I think it would add a nice way of navigating though my classical collection, because more often I want to listen to Beethoven than to Karajan conducting Beethoven. Especially as I usually only have one recording of any work, going through the composer would be more precise than going by the artist.

Artist is in my case is always “Conductor / Orchestra” (so Kodi splits the artists up), sometimes I add a renowned soloist. But to stay with the example, Karajan will most likely cover multiple composers. At the moment and due to the minimal size of my classical collection, I go Genre: Classical → All albums in Symfonium and simply select the album I want to listen to. As I add the release year of the composition as the track date (e.g. 1824 for any Beethoven 9. Symphony movement), and Kodi seems to take the lowest track date as album date, the album list ordered by year gives at least some “epochal” ordering.

Another thing where a composer view would be helpful is releases which have works of different composers performed by one artist. Sometimes you want to listen to the whole concert (then navigate by the usual way though artist or album lists), but sometimes you want to listen to music from a dedicated composer.

I don’t think that I have any use for the composer tag in other genres. Definitely not in Pop/Rock, as it makes no sense to me to keep the maintenance up there. And often enough songs are written by composers who are not performers, so it would be not only be your example of someone else covering Prince, but also a long list of composers which nobody has ever heard of.

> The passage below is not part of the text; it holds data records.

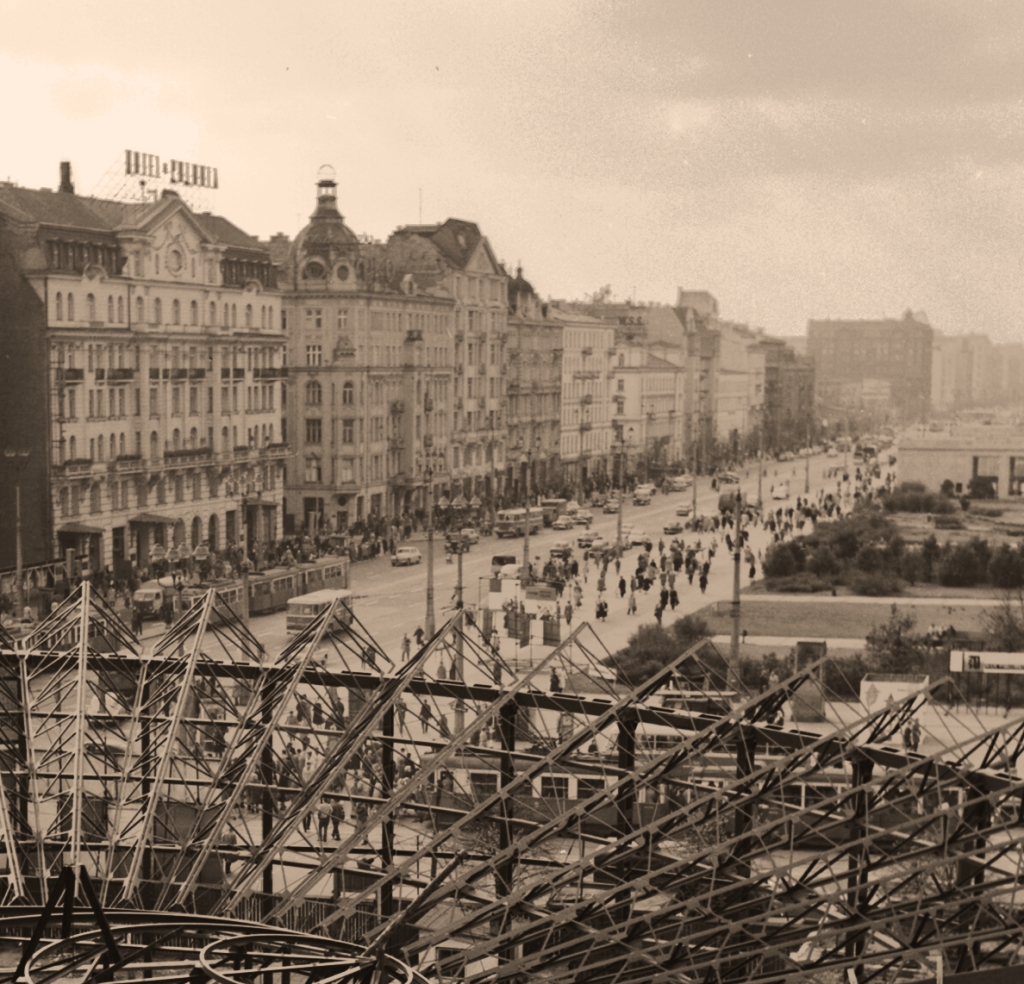 Ikarus620
Osiołki w centrum miasta.

Foto: Jerzy Piasecki.
Zdjęcie jest własnością NAC.
Wszelkie prawa zastrzeżone.

Słowa kluczowe: Ik620 AlejeJerozolimskieMarszałkowska 1963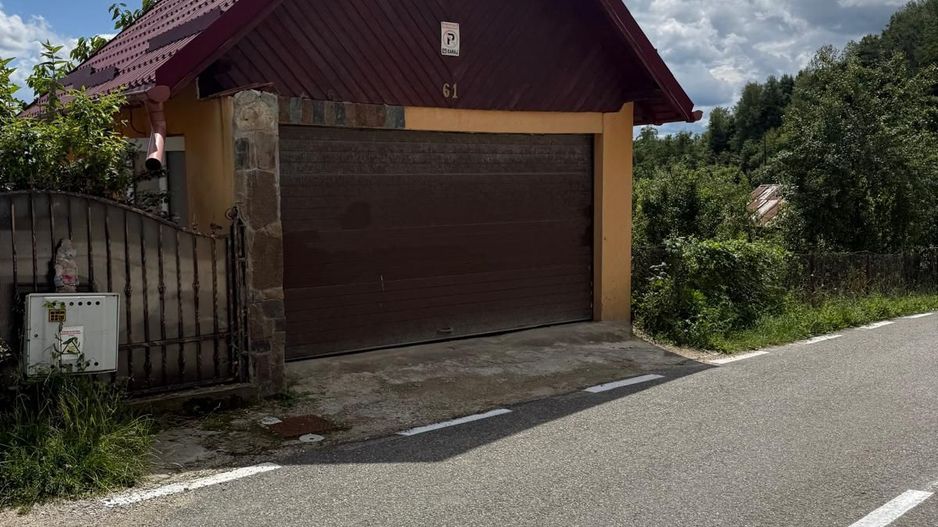 Vila S+P+1,+ garaj inchis + terasa si teren intravilan 6300 mp - Poză 4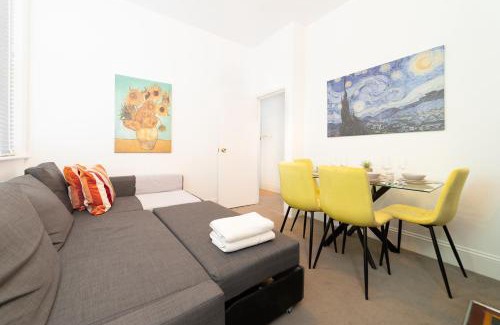 Hammersmith and Fulham Apartment | Cozy Apartment in the Heart of Fulham, London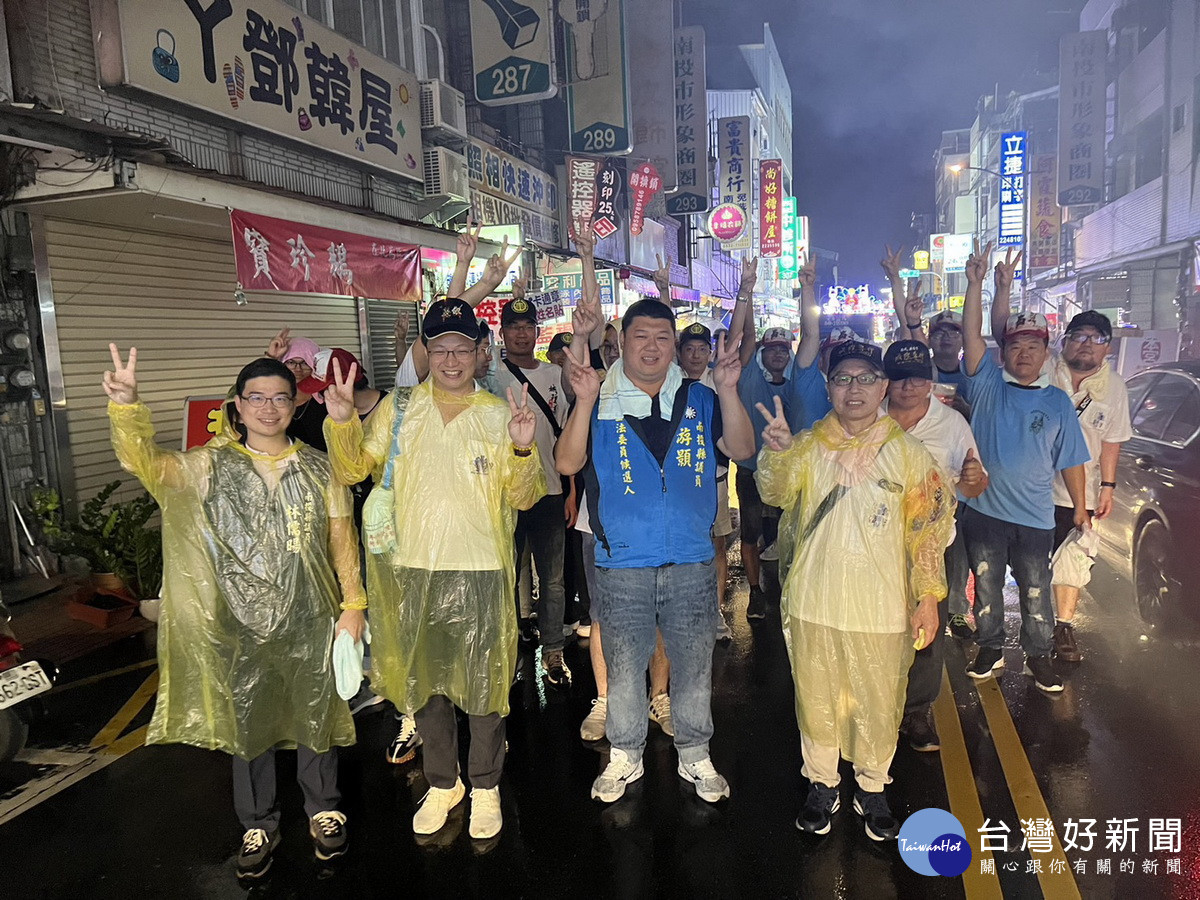 市長張嘉哲與立委參選人游顥也都與信眾一同步行遶境。（游顥服務處提供）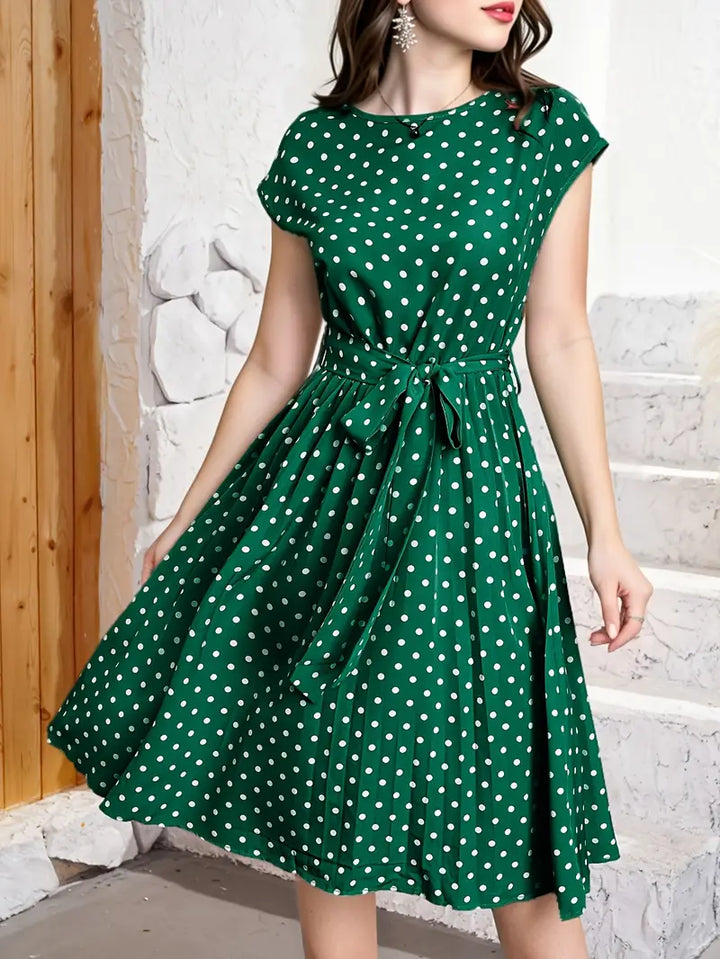 "Robe plissée à pois polyvalente, élégante, en tissu doux, design chic moderne, décontractée pour toutes occasions."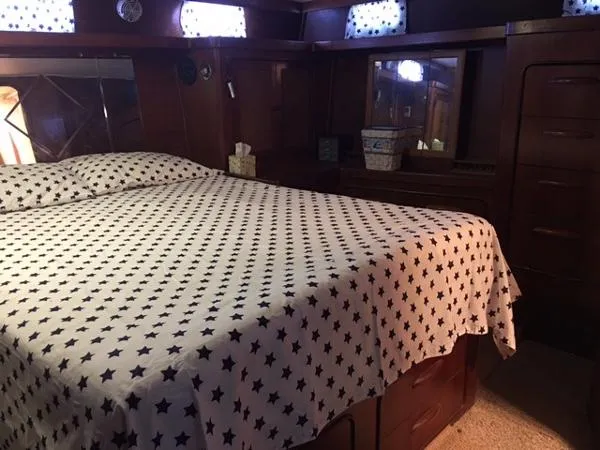 Slide: The Image of Gulfstar 44 Motor Yacht 1980 - 10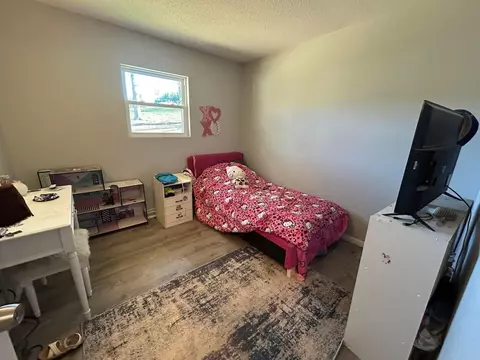 Bedroom - 11295 Techniglas Rd, Newark, OH 43055 photo 2 of 4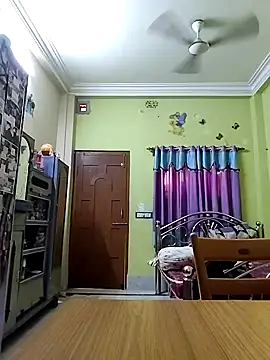 Royalgirl667 online show from 12/08/24, 08:51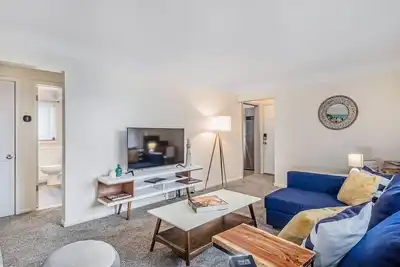 Image de This spacious upper level apartment has been fully updated for your comfort and enjoyment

I thought about using composers for “symphonic” soundtracks, but I have a different approach there. I use the main composer as artist for his compositions, while the usual end credits song gets the artist actually performing it. I also add the main composer as an album artist, and so the overall album gets sorted under that entry (think of “James Bond - Goldfinger”, album artist John Barry, title track artist Shirley Bassey, all other tracks artist John Barry. I use “album artists only” in artist lists, so there is an entry for John Barry in the artists list, and that will contain the album). I could use composer in a similar way as the album artist now, but why, and also it is even less correct for many albums.

In Classical libraries, this is pretty much the standard

Album Artists tend to include ‘composer’,‘band/orchestra’,‘conductor’ as available or just the recording artist if it’s a soloist of some sort. Or just the conductor.

Composer is the composer

Artist Name is the composer because most clients don’t read the composer tag [yet–prepare to see a lot more on this when Primephonic/Apple Classical Music comes along].

When you get to non-classical libraries with symphonic soundtracks (i.e. John Williams’ OST), the album artist is “Soundtrack” and the artist is “John Williams.” In the case of Goldfinger, album artist is “Soundtrack” but artist is Shirley Bassey for one track and John Barry for the rest.

Interesting, this misuses most of the tags (composer in artist tag, performer or something else including genre in album artist tag), but it probably reflects the general state of client implementations. Too bad that only a basic part of the ID3 (and other) specifications are properly implemented by many clients.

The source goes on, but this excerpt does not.